**Required work**
For the entries that follow, restate word for word the line containing "Friedrichstadt Immo **", the line containing "Nike Mind 001", and every line that lies between them.

[[ The data open ]]

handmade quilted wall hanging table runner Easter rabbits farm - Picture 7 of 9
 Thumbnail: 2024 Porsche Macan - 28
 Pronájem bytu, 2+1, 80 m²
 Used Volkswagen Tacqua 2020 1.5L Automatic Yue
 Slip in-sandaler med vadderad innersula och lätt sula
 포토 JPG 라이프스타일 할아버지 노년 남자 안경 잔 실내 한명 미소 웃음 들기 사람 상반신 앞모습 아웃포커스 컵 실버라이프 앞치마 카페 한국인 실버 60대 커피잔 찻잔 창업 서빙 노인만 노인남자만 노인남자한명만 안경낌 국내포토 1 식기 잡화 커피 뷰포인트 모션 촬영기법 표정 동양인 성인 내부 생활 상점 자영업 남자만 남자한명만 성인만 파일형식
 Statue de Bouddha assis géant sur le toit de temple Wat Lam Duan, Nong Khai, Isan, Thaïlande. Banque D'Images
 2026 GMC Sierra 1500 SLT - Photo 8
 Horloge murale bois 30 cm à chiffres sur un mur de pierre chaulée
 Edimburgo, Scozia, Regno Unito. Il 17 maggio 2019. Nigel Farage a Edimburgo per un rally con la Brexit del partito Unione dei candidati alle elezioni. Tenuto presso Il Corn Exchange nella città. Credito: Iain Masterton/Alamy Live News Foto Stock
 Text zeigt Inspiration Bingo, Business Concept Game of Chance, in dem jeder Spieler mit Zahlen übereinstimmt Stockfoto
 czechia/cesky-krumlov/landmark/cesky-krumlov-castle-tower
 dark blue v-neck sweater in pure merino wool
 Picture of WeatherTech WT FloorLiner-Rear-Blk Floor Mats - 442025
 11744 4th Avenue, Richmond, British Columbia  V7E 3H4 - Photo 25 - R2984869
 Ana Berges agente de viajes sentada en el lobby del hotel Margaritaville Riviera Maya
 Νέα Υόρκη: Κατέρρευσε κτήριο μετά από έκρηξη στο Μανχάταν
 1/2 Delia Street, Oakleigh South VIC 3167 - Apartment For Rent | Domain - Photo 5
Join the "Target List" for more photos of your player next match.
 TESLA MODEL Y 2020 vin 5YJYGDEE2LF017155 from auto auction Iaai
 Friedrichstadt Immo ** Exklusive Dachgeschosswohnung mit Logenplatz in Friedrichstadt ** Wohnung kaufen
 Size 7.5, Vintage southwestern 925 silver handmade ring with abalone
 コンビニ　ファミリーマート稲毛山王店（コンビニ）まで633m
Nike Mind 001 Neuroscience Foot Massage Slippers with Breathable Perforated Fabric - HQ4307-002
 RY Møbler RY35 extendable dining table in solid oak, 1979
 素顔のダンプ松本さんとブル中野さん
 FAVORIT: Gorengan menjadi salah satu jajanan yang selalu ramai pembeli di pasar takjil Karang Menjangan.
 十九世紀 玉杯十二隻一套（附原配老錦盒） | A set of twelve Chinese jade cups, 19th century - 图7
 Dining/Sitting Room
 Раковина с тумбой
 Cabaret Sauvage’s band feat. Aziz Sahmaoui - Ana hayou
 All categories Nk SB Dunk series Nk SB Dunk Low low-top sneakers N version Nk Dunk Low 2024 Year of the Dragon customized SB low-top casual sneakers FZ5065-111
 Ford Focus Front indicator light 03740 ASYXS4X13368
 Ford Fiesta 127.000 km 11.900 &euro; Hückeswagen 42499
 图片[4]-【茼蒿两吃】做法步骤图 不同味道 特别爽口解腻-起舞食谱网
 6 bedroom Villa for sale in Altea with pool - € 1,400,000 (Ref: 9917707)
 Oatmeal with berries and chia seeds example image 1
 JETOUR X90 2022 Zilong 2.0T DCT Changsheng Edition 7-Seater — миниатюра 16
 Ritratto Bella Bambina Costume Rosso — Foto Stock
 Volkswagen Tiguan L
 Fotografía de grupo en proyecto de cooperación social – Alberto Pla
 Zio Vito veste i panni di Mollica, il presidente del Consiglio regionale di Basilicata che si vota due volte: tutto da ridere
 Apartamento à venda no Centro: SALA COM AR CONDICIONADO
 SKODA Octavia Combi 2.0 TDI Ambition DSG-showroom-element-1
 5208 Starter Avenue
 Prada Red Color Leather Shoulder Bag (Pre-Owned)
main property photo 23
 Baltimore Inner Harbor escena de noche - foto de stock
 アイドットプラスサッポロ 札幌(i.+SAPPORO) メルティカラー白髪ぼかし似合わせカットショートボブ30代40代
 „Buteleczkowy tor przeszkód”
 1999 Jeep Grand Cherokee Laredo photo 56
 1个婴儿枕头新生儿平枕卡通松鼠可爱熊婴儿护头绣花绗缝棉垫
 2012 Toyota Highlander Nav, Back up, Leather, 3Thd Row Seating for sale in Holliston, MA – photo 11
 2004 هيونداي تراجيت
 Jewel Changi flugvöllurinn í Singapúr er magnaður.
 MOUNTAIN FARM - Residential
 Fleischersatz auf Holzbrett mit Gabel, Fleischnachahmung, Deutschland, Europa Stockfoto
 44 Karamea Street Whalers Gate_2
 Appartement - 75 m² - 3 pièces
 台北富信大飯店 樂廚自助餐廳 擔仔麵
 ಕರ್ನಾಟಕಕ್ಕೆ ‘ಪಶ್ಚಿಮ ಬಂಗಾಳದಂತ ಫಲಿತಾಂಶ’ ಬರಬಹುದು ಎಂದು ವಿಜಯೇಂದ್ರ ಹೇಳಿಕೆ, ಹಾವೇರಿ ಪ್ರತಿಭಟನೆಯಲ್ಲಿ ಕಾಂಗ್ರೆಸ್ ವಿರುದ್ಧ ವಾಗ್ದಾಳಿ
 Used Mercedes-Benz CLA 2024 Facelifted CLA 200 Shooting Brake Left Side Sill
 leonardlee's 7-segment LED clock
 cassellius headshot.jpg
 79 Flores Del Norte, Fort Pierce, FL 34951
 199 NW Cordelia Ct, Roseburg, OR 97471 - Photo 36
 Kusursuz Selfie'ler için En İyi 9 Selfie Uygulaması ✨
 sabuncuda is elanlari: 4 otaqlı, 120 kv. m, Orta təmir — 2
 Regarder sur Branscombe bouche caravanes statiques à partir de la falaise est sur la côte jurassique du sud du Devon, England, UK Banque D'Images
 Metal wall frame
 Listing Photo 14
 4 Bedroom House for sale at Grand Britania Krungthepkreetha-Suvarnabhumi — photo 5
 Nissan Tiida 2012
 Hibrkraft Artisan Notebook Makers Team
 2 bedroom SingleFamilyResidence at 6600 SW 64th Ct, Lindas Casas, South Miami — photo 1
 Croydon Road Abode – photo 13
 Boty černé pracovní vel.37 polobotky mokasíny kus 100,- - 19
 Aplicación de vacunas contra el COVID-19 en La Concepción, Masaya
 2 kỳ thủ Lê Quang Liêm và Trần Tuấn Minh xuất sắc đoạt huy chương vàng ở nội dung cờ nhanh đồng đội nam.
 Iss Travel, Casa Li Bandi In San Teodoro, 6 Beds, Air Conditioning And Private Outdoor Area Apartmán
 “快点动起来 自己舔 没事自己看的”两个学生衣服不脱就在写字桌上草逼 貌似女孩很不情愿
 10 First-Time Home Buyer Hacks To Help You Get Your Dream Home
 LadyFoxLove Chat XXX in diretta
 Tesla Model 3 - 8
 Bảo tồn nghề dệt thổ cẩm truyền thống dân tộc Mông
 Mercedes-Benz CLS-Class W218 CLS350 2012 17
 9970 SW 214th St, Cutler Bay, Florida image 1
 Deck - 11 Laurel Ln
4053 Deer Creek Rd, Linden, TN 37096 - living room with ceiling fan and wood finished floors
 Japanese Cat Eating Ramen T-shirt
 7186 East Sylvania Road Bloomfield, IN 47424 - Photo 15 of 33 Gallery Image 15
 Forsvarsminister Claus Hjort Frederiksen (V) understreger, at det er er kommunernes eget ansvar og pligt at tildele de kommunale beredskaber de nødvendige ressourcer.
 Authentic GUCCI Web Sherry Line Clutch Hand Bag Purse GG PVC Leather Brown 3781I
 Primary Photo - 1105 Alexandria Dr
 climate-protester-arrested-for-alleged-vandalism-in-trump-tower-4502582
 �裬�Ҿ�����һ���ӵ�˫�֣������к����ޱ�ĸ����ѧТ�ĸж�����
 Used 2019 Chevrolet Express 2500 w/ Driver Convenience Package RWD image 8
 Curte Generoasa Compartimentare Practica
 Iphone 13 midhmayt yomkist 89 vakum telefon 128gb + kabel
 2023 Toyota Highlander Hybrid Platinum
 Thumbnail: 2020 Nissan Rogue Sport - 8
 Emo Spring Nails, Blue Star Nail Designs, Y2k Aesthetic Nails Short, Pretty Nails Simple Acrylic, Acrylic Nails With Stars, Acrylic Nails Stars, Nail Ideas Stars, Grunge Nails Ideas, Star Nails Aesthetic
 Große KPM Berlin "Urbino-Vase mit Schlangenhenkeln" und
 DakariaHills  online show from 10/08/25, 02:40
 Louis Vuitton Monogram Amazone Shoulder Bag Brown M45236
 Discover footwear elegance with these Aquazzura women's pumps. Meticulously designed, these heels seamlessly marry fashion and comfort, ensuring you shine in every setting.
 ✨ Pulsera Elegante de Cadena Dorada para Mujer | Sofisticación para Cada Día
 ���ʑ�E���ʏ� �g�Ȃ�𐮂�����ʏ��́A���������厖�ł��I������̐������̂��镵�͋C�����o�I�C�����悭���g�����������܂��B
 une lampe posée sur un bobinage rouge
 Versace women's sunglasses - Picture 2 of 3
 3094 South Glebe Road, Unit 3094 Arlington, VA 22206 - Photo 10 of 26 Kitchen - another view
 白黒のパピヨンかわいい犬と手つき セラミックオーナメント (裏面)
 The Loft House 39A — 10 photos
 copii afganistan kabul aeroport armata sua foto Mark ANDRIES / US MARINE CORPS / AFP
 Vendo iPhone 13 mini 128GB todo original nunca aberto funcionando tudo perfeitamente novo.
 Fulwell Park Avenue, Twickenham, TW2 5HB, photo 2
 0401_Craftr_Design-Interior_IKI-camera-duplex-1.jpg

[[ The data closed ]]

**Result of this exercise**
 Friedrichstadt Immo ** Exklusive Dachgeschosswohnung mit Logenplatz in Friedrichstadt ** Wohnung kaufen
 Size 7.5, Vintage southwestern 925 silver handmade ring with abalone
 コンビニ　ファミリーマート稲毛山王店（コンビニ）まで633m
Nike Mind 001 Neuroscience Foot Massage Slippers with Breathable Perforated Fabric - HQ4307-002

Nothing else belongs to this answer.